One of the nation’s preeminent First Amendment lawyers, John Borger, has died in Minneapolis
MINNEAPOLIS — John Borger, one of the nation’s preeminent First Amendment lawyers, has died in Minneapolis. He was 68.
Borger had cancer for 15 years and died Monday night at his home in downtown Minneapolis, his wife, Judith Yates Borger, told The Associated Press.
Borger represented the Star Tribune and other media organizations for four decades before retiring from the Faegre Baker Daniels law firm in 2017, the Star Tribune reported.
Star Tribune senior vice president and general counsel Randy Lebedoff called Borger “a brilliant First Amendment advocate who contributed greatly to our state and country by standing up for freedom of speech when it counted.”
He was also the lead attorney representing the estate of “American Sniper” author Chris Kyle, which was sued for defamation by former Minnesota Gov. Jesse Ventura.

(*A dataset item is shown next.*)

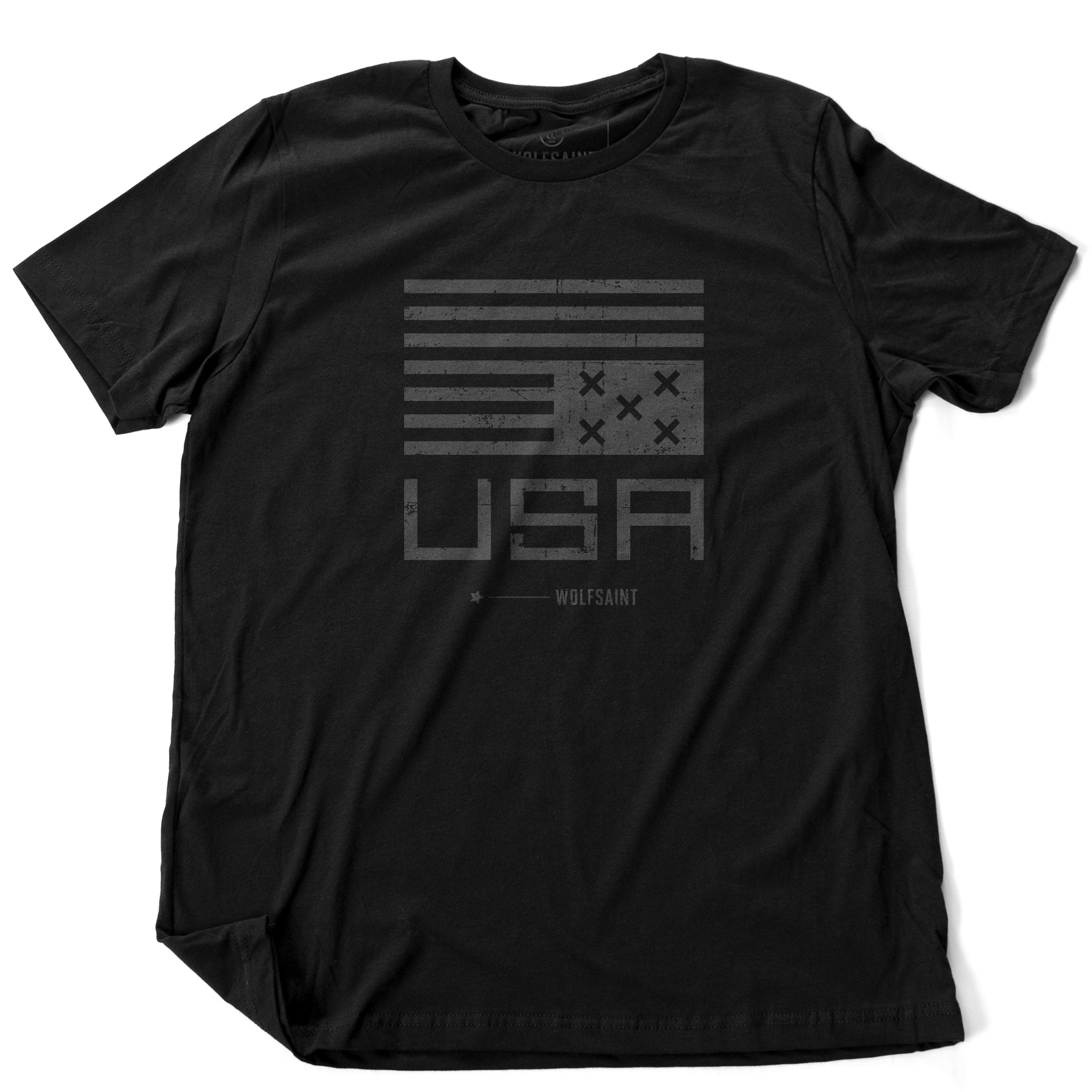 A classic graphic t-shirt featuring a political statement about the American democracy, showing an upside down simplified American flag with Xs instead of stars, above the letters “USA” and the WOLFSAINT gothic logo. From wolfsaint.net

Ventura said Kyle fabricated an incident in his bestselling memoir concerning a fight Kyle claimed the two had in a California bar. Ventura won a $1.8 million verdict in U.S. District Court in Minnesota in 2014, but that ruling was overturned by the U.S. Eighth Circuit Court of Appeals and settled out of cour t in 2017.
In 2018, Borger became the third lawyer ever to receive the Champion of the First Amendment award, the highest honor from the American Bar Association Forum on Communications Law.

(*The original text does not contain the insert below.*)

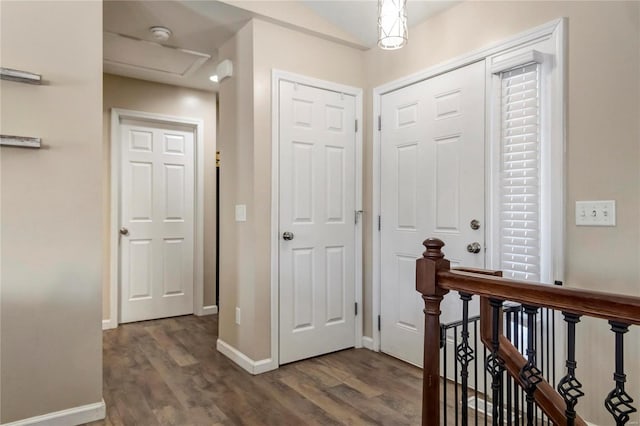 foyer entrance featuring dark wood-style floors and baseboards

Borger worked on his high school newspaper in Parkersburg, West Virginia, and was on the campus paper at Michigan State University where he met his future wife, a fellow journalist. He graduated with a law degree from Yale Law School in 1976.
Survivors include his wife, a retired reporter at the St. Paul Pioneer Press; three adult children and six grandchildren.
A memorial service is tentatively planned for early January.